INSTRUCTIONS TO FOLLOW:
Look below for the line with "Ghi nhận gần", then repeat it and all lines after it, exactly, minus any pictures.

EXERCISE DATA:
..........

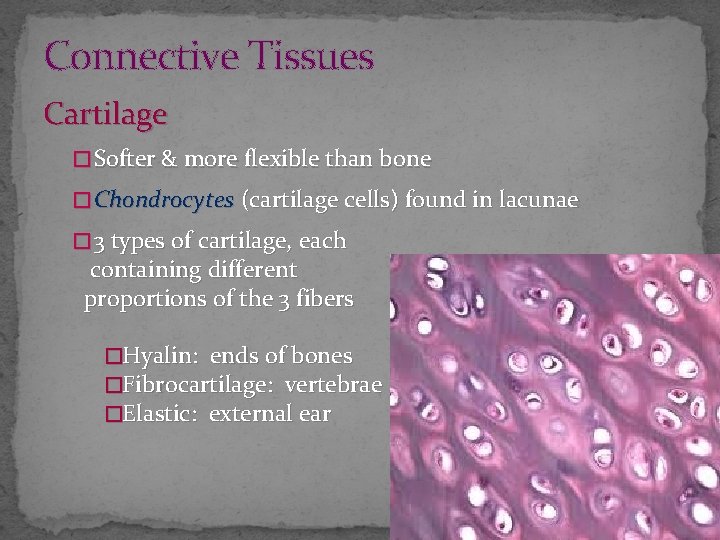 Connective Tissues Cartilage � Softer & more flexible than bone � Chondrocytes (cartilage cells)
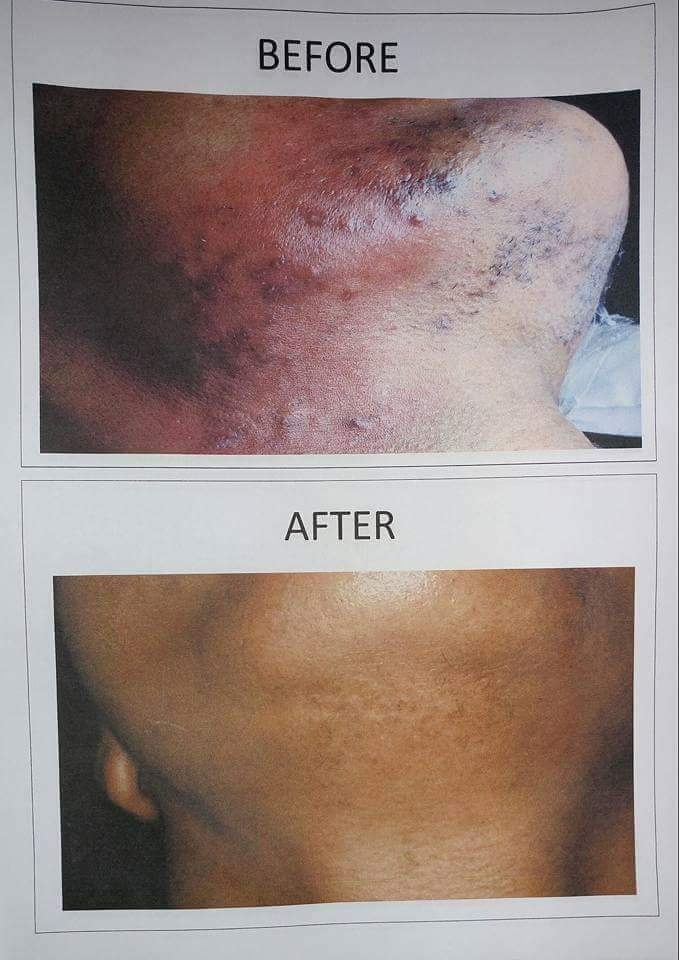 lectrology Treatment (Before and After)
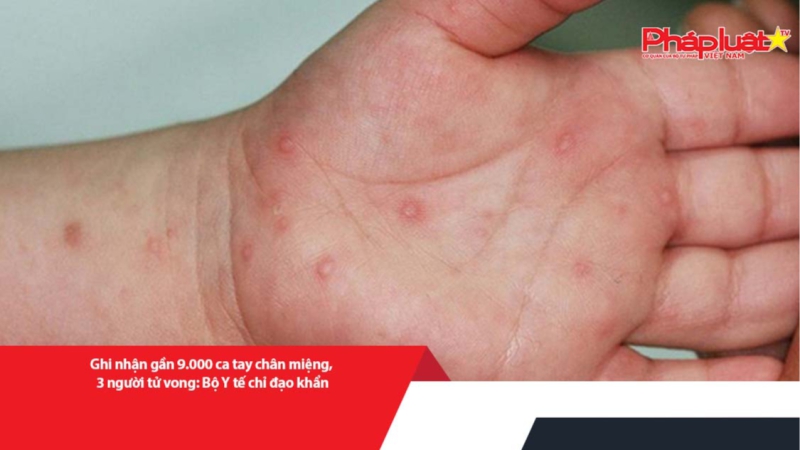 Ghi nhận gần 9.000 ca tay chân miệng, 3 người tử vong: Bộ Y tế chỉ đạo khẩn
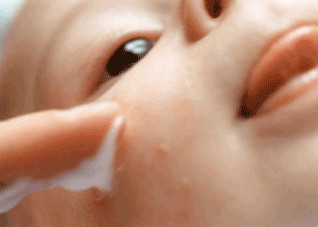 你知道皮肤过敏的症状有哪些吗 皮肤过敏都有哪些症状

..........

WORKED SOLUTION:
 Ghi nhận gần 9.000 ca tay chân miệng, 3 người tử vong: Bộ Y tế chỉ đạo khẩn
 你知道皮肤过敏的症状有哪些吗 皮肤过敏都有哪些症状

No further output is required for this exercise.